France's budgetary situation is "very serious", the new Prime Minister Michel Barnier told AFP on Wednesday, saying more information was needed to gauge the "precise reality" of French public finances.

French budgetary situation 'very serious', says new prime minister

France was placed on a formal procedure for violating European Union budgetary rules before Barnier became head of government earlier this month, while the Bank of France warned this week that a projected return to EU deficit rules by 2027 was “not realistic”.

France’s public sector deficit is projected to reach around 5.6 percent of GDP this year and go over six percent in 2025, which compares with EU rules calling for a three-percent ceiling on deficits.

Barnier, appointed by President Emmanuel Macron after protracted wrangling in the wake of an inconclusive parliamentary election, has floated possible tax rises to help stabilise finances, a measure Macron has ruled out during the seven years he has been president.
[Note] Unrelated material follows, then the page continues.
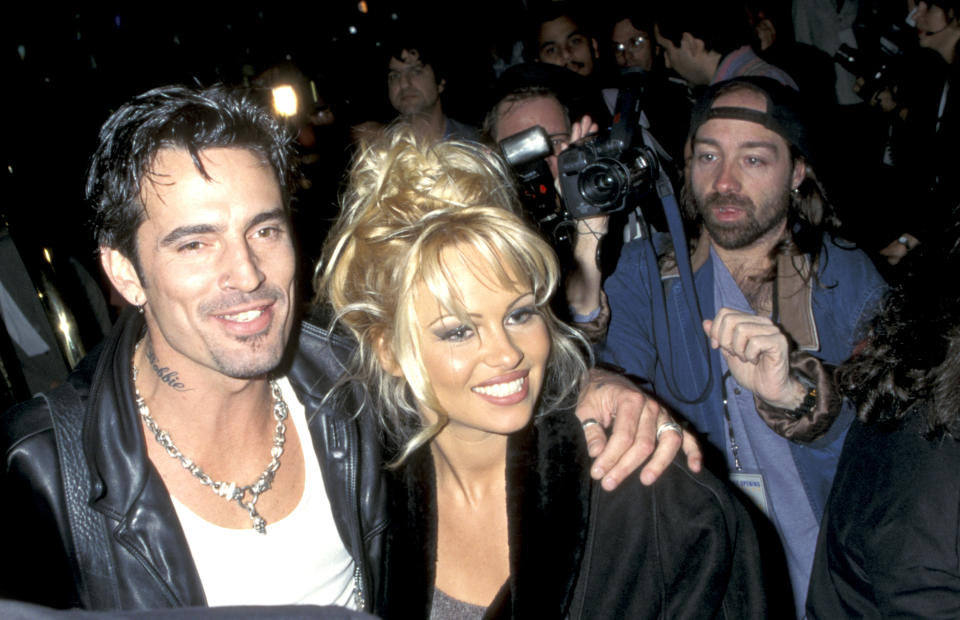 Tommy Lee And Pamela Anderson during Hard Rock Hotel & Casino Las Vegas Grand Opening Party Hosted by Peter Morton at Hard Rock Hotel & Casino in Las Vegas, Nevada, United States. (Photo by Jim Smeal/Ron Galella Collection via Getty Images)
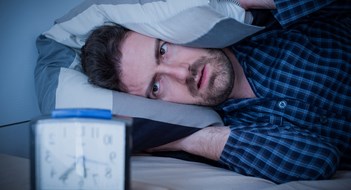 Q&A: Noisy Neighbors Man feeling tired in the morning after a bed sleep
“I am discovering that the country’s budgetary situation is very serious,” Barnier said in a statement to AFP.

“This situation requires more than just pretty statements. It requires responsible action,” he said.

The new prime minister, who has yet to appoint a cabinet, is to submit a 2025 budget to parliament next month, in what is expected to be the first major test for the incoming administration.

However several high profile politicians have ruled out joining a government that is committed to tax rises.